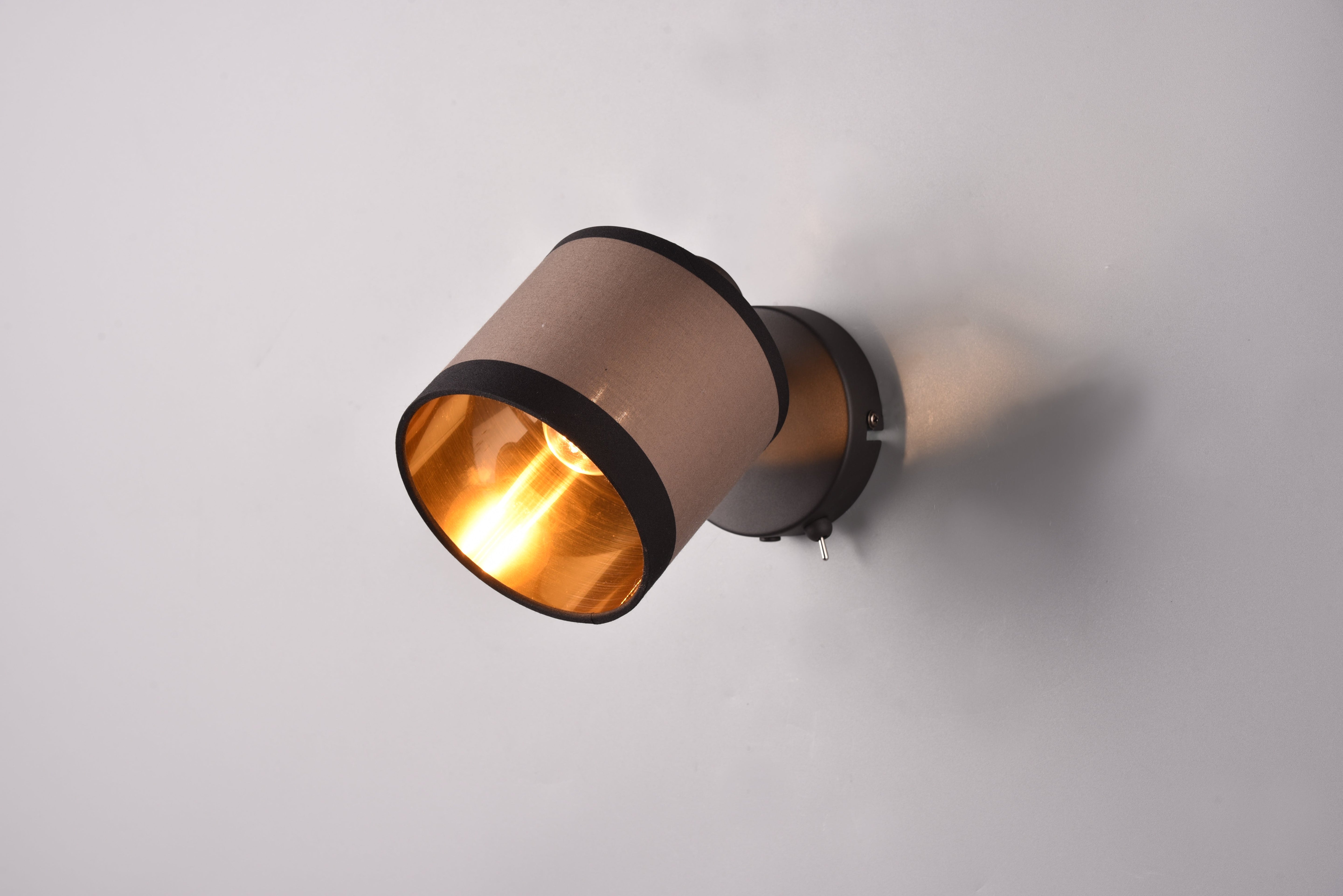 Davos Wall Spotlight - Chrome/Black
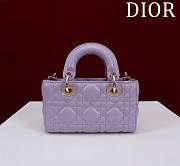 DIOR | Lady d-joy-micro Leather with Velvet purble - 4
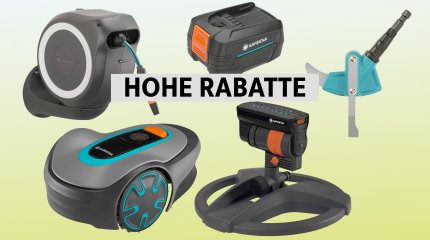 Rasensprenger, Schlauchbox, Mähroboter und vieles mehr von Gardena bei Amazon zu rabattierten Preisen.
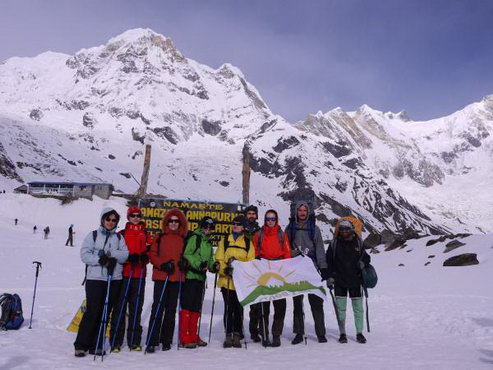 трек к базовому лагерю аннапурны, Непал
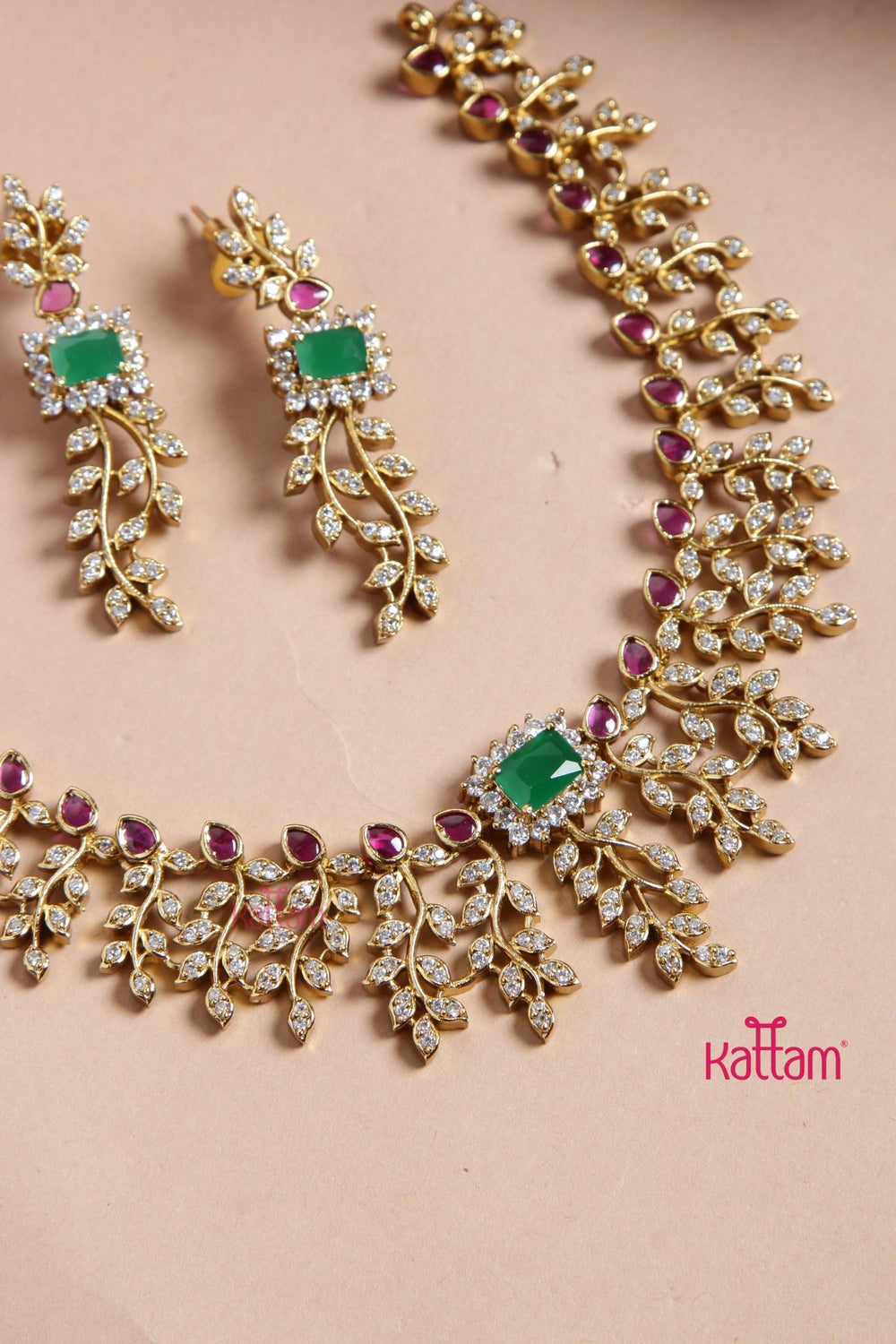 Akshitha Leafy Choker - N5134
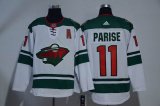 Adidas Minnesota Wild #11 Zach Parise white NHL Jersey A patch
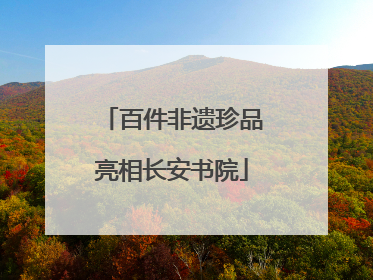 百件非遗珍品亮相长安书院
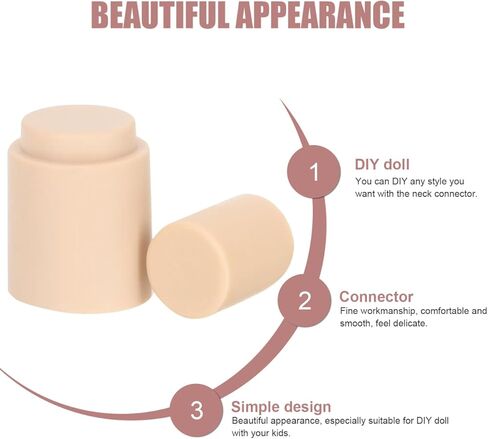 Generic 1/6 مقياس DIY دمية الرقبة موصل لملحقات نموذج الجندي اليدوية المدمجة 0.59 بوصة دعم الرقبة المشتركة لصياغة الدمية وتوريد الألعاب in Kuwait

--- --- ---

EXERCISE REQUIREMENTS
In your output, include only the lines from the line containing "Adidas Minnesota Wild" through the last line of the material above, exactly as they appear, and leave out the pictures.

RESPONSE BOX
 Adidas Minnesota Wild #11 Zach Parise white NHL Jersey A patch
 百件非遗珍品亮相长安书院
 Generic 1/6 مقياس DIY دمية الرقبة موصل لملحقات نموذج الجندي اليدوية المدمجة 0.59 بوصة دعم الرقبة المشتركة لصياغة الدمية وتوريد الألعاب in Kuwait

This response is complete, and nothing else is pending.